The final payout to shareholders will be 0.5p, compared to 3.8p a year ago, capital investment will be cut by £39 million and cost reductions will trim a further £10 million - £15 million from the budget as Debenhams said it was important to take its "leverage off the agenda".
However, executives at the department store group attempted to remain optimistic about Christmas trading, with Rob Templeman, Debenmans' chief executive, warning despite "incredible volatility" that there was a danger that the country would talk itself into a recession.
In its annual results statement, Debenhams said that the "unprecendented turmoil in financial markets" had "attracted massive media interest" that "in turn had heightened concerns of customers about their own financial security".

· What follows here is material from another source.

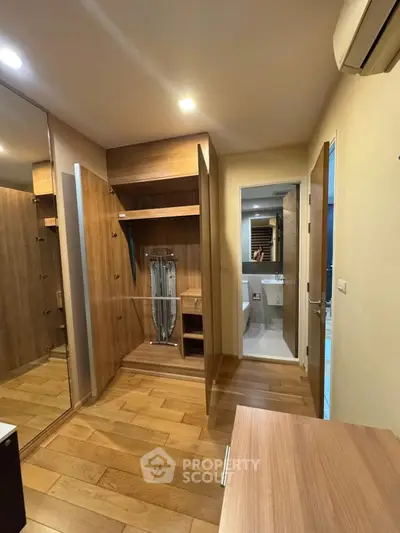 Spacious walk-in closet with wooden flooring and modern design, adjacent to a sleek bathroom.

Like for like sales in the six weeks to October 11 were down 4.2 per cent against what the company described as a strong comparable a year ago.
Borrowings eased marginally to £994 million in the year to August 30 from £1.01 billion.
The retailer's stock price has been hit hard by worries about its ability to service its debts in a faltering economy. Floated at 195p after a short period in private equity ownership under Merrill Lynch, Texas Pacific and CVC, the stock had fallen as low as 31.75p earlier this month.
Capital expenditure on new stores and reburbishments fell from £129.1 million last year to £90 million.
Pre-tax profit for the year to August 30 fell by 6.4 per cent to £105.9 million on sales up 3.7 per cent to £1.84 billion. Shares in Debenhams rose by 3 per cent to 33.5p in early trading.